Дверь тихо закрылась.
Спокойной ночи. Крепко спите.
Укусит клоп — его давите.
После завтрака все они собрались в гостиной, и Лодж, переводя взгляд с одного лица на другое, понял, что под их внешним спокойствием скрывается непередаваемый ужас; он почувствовал, как беззвучным криком исходят их души, одетые в непроницаемую броню выдержки и железной дисциплины.
Кент Форестер не спеша, старательно прикурил от зажигалки и заговорил небрежным будничным тоном, словно бы между прочим, но Лодж, наблюдая за ним, отлично сознавал, чего стоило Кенту такое самообладание.

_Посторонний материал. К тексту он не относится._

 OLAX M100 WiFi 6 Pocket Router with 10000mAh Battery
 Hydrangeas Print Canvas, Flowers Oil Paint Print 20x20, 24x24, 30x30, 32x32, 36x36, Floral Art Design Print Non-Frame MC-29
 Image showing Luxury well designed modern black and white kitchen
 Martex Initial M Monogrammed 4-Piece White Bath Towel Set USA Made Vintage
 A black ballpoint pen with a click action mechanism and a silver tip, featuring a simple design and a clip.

— Нельзя допустить, чтобы это вконец разъело нас изнутри, — произнес Форестер. — Мы должны выговориться, поделиться друг с другом своими переживаниями.
— Иными словами — подыскать этому происшествию разумное объяснение? — спросил Сиффорд.

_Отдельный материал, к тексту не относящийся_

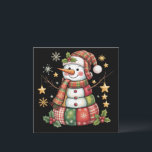 Retro Patchwork Snowman Merry Christmas Coquette Feiertagskarte<br><div class="desc">Retro Patchwork Snowman Merry Christmas Coquette</div>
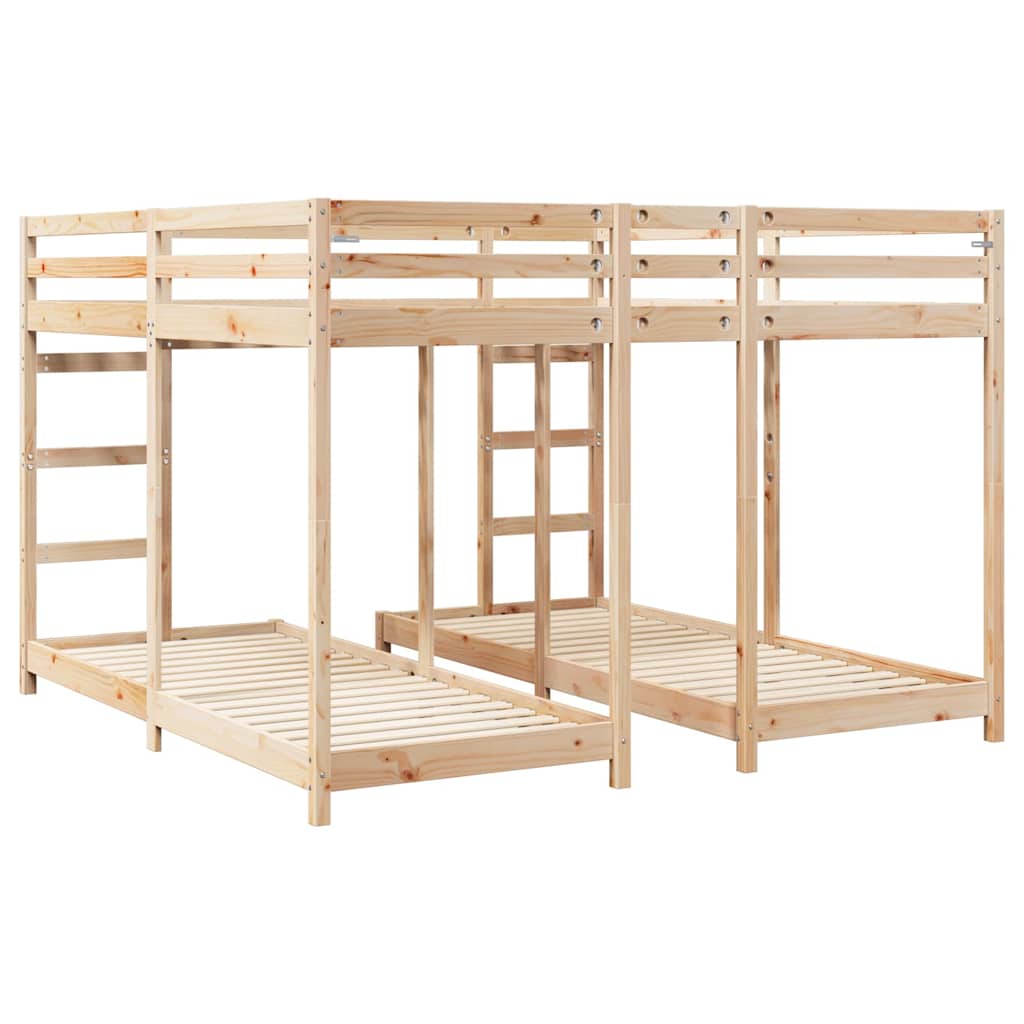 vidaXL Triple Bunk Bed Frame Natural 80 / 200 x 200 cm Solid Pine Wood 6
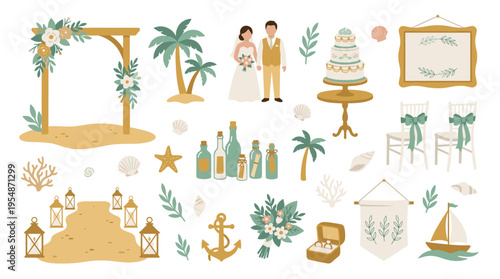 Tropical Beach Wedding Elements Collection with Groom and Bride Decor and Accessories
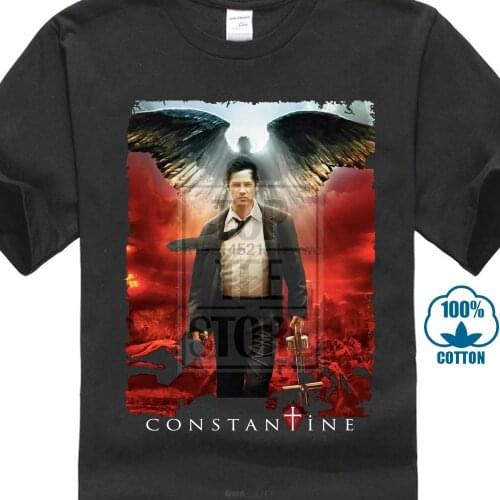 Constantine 2005 Movie Poster Keanu Reeves T Shirt 100% Cotton All Sizes S 4Xl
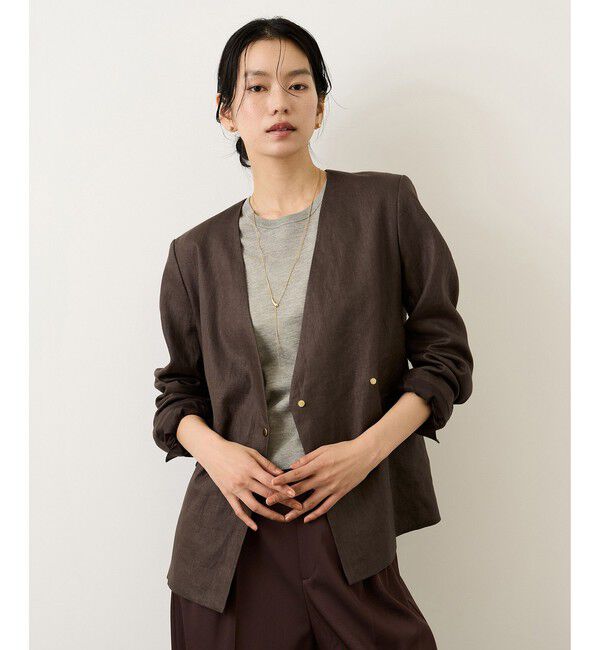ROPE「リネンノーカラージャケット/セットアップ対応」|ノーカラージャケット|
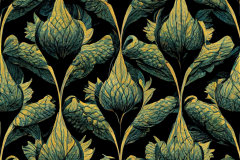 Rebelicious_Leafy_Botanical_repeating_pattern_in_the_style_of_W_4f88718e-573f-4867-8145-9c84a38542f4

— Я сказал «выговориться». Это тот случай, когда самообман исключается.
— Вчера на экране было девять персонажей, — произнес Крейвен.
— И кит, — добавил Форестер.
— Вы считаете, что один из…
— Не знаю. Если это проделал кто-то из нас, пусть он или она честно признаются. Ведь все мы способны понять и оценить шутку.
— Шутка не из приятных, — заметил Крейвен.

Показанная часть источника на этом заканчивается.